As you can imagine, its claim to be the country’s geographical heart has been questioned over the years, but Bruère-Allichamps was the first French village to make such an assertion, and has several reasons for putting itself forward.
Having defeated Vercingetorix and the Gauls in 52BC, Roman legions chose to settle in Bruère, a strategic and central base that offered a plentiful water supply and a stone quarry for building temples, villas, an amphitheatre and stone monuments.
One of these relics was unearthed in 1757, having been used as part of a sarcophagus. This tall stone column topped with carvings was identified as a Roman milestone, then in 1799 was erected as a marker on the village crossroad. In 1950, the national cycle touring club added its own carved validation: ‘tradition designates this monument as the centre of France’.
So, this village of around 500 residents has seen itself as France’s ‘centre’ for over 200 years, a claim confirmed by early travel-guide writer Adolphe Joanne in the 1860s, but his calculations did not include Alsace and Moselle.
Determining France’s centre
In 1923, Larousse Mensuel Illustré published the findings of Professor E Bouant, who suspended a physical map to determine France’s centre, placing it in the village of Saulzais-le-Potier, a claim backed up by the astronomer and mathematician Abbé Théophile Moreux in 1947. Consequently, this village also displays a stone marking the centre of France.

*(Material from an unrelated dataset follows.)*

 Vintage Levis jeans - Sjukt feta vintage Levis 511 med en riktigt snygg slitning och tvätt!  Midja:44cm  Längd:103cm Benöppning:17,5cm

Of course, the story does not end there. In 1966, mining engineer Georges Dumont identified Vesdun as the centre, and when France’s national geographic institute IGN was finally called upon to resolve this debate, they also named Vesdun. This would seem to clear up the matter, as long as you do not include Corsica or any of France’s other islands.
If you do, the centre turns out to be Nassigny, a village with fewer than 200 inhabitants.
Whatever your own conclusions, for the sake of simplicity, emotion and history, we seem bound to return to Bruère-Allichamps as the centre of France: it has the advantage of being the first to take on the role, and it even has a Roman milestone marker to back up its claim, one that dates back a couple of millennia.
So is it worth making the detour to visit this very central village? What can you expect to see?
After the obligatory tour around the Roman column and a couple of commemorative photos, you should definitely stop off for a drink and a breather to ‘centre’ yourself, then take time to visit the Abbaye de Noirlac, a 12th-century Cistercian abbey (see picture above) that is said to be one of the most complete remaining examples of this type of medieval religious architecture.
History of the abbey
Bursting with Gothic features, the structure was sold during the French Revolution and used to manufacture porcelain in the 1800s. It was then bought by the Cher département in 1909 for complete restoration. Now open every day from February 1 to December 23, the abbey hosts workshops and cultural events, and invites visitors to explore its walkways, grounds, and cloisters that are reminiscent of a Harry Potter backdrop.
Quietly existing between Bourges and Montluçon, Bruère-Allichamps might not seem a likely tourist destination, yet it has a certain charm, and its abbey is certainly a bonus for curious visitors.
Whether or not you agree that it is the true geographical centre of France, this little village seems to enjoy its claim to fame, and its history of welcoming visitors is certainly well established.